I am 82 years old. I don't have time to die yet, there is more I want to do, such as declutter my house.
I am not being pessimistic. I am being realistic. To me, death is sad for those you've left.
I knew a lady with ovarian cancer who said she wont die yet because she has so many things she still needs to do but she died three days later.
I dont believe a persons conciousness ends with death but I have no proof either, although my husband died once and hovered in the ceiling corner of the hospital room.
You sound like a lovely person Macaydia and I wish you all the best. None of us knows exactly when we are going to die but serious illness with a poor prognosis will always make us think death is near. I too like to think that consciousness doesn’t end with death and that it continues in some form or other.
The most beautiful explanation was by a Buddhist monk; before we are born we are like part of the ocean, when we are born we are a drop that rises out and up until it reaches a pinnacle, then we slowly descend until we are reabsorbed into the water at death. That makes some kind of sense to me.
🥰
Makes me feel connected. Thank you.
I don't think we talk enough about death, yet it comes to us all.
I know that before death there is a definite smell, and when you look into the eyes, it's as if the soul has left.
You may be feeling this way because your going through such a traumatic time and can't see a positive end. You sound like a very strong lady and may surprise yourself and come through it all. I'm wishing you calmer waters whatever the outcome.
I remember after me and my husband were both in hospital with covid at the same time and he died, coming home to an empty house and being in isolation for another 10 days feeling I was going to die as I still felt so unwell. I wasn't afraid, just sad for my family. I felt at peace and accepted that it was possible.
But fast forward 5 and half years and im still here. Give yourself time to get over all you've been through and hopefully you will start to feel better and enjoy life again.💐🌹💐
What a positive and brave post travelsafar. I hope OP takes comfort from it.
LaCrepescule
You sound like a lovely person Macaydia and I wish you all the best. None of us knows exactly when we are going to die but serious illness with a poor prognosis will always make us think death is near. I too like to think that consciousness doesn’t end with death and that it continues in some form or other.
The most beautiful explanation was by a Buddhist monk; before we are born we are like part of the ocean, when we are born we are a drop that rises out and up until it reaches a pinnacle, then we slowly descend until we are reabsorbed into the water at death. That makes some kind of sense to me.

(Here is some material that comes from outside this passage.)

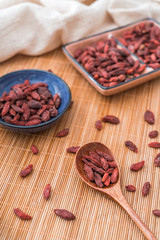 A spoon of wolfberry on a bamboo mat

My version of that is that we are all made up of atoms in the cosmic soup; those atoms coalesce for a time as a human being and when we die they return to the same cosmic soup.
What was the point of it? - I have no idea, but all we can do is live with kindness and take joy where we can.

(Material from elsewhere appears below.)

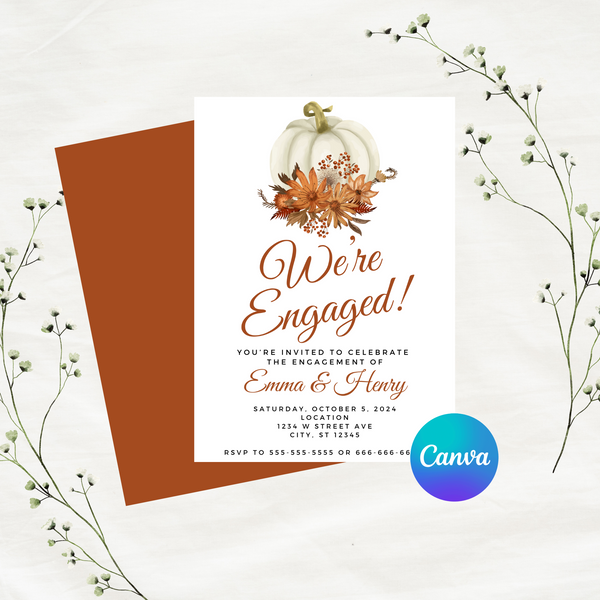 Editable Fall Floral Pumpkin We're Engaged Engagement Invitation | Fall Theme | Instant Download | Canva Template | 5x7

I think it can also be the opposite and that even when you are seriously, seriously ill (as I was almost 40 years ago now), yet I still never felt I was going to die. I was told later by the doctor in charge that I was so ill that someone in authority must have been looking after me. I said yes, the doctors and nurses had all been great. He looked at me and said quietly, “No, I meant a much higher authority than that.”
Charleygirl5
I am 82 years old. I don't have time to die yet, there is more I want to do, such as declutter my house.
Atta girl Charleygirl5 my sentiments entirely 😀
Macadia, you have been through the mill lately, you're bound to feel weak and rundown, but hopefully as time passes your strength will return,I think it's a good idea to put your wishes down , I have left instructions for our family where everything is.
bank accounts, wills because nobody knows how long we have .You might be feeling a bit depressed, so hope you feel better soon.
My mother-in-law knew.
She called my husband and said something like. I think you should come - today's "my day" (if you know what I mean).
It was an "ordinary" day. Though she apparently hadn't slept well.